What is more worrying, is the seeming willingness of Amnesty International in the report to accept, without giving any sort of context, and without any critical questioning, sentiments offered by ‘detainees’. For example, even though the report later says that “persons suspected or convicted of terrorist offences are automatically assigned to the TA,” when confronted with the sentiment that

Due to the TA’s predominantly Muslim population, former detainees and civil society groups have heavily criticized the TA for being discriminatory against Muslims and at times have taken public action to protest the TA for being a ‘Muslim detention centre’,

the report, in one sentence both claims it

does not assess whether this is the case or whether terrorism legislation is applied in a discriminatory manner, [but] it is important for the government to recognize that many former detainees interviewed shared the strong belief that the TA was a detention facility that specifically targeted Muslims.

Amnesty International here leaves out the context that the vast majority of terrorism in Europe is Jihadist terrorism. In failing to assess the claim, while at the same time stressing the importance to ‘recognise a strong belief’, Amnesty International appears to lend it credence. It might have been wiser if Amnesty International had declined to take a position on the issue.

Unfortunately, Amnesty International seems unwilling to leave its opinions out of the report. They creep in every now and again, leading to statements such as the following:

Additionally, TA population growth has been, and will continue to be, the result of investigators and prosecutors relying on overly broad definitions of what constitutes a ‘terrorist offence’ and an ever-expanding set of counterterrorism laws that criminalise preparatory acts not closely linked to a principal offence. This expansion, for example, has resulted in a woman being detained and convicted for re-tweeting a single tweet that, according to a court, disseminated a message that incited people to fight in Syria, and a man being convicted for transferring 1,000 Euros to a childhood friend who travelled to Syria.

However, when investigating the examples given, it seems like there was substantial cherry-picking. As becomes clear from the (unofficial translation by the official website) translation of the verdict in the case of the woman. Although she was indeed convicted for

one inciting retweet and sentenced to seven days of imprisonment,

this was in the context of a court case involving eight others, and she was acquitted of participation in a criminal organisation with terrorist intent. Unlike the other eight, who received sentences of up to six years in prison.

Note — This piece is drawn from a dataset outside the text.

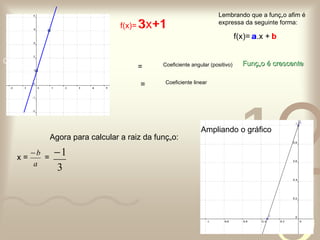 f(x)=  3x+1 Lembrando que a função afim é expressa da seguinte forma: f(x)=  a .x +  b = a = 3 Coeficiente angular (positivo) Função é crescente b +1 Coeficiente linear Agora para calcular a raiz da função: x = = Ampliando o gráfico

And the man convicted for transferring €1000 to a ‘childhood friend’? That friend was actually a jihadist, something the man knew, as became clear from messages they exchanged. As such, he wasn’t convicted for transferring money to a childhood friend, but for being

guilty of collecting and providing money on account of a jihadist present in the conflict zone in Syria, meant to finance the armed struggle there. In this way, the defendant has substantially contributed to, or meant to contribute to the violent jihad in Syria. The actions of the defendant were, after all, aimed at continuing that conflict, a conflict that sees many die in gruesome manners every day. It is common knowledge that jihadist groups in Syria are guilty of gross violations of human rights. Defendant is guilty, by his actions, of a serious terrorist crime.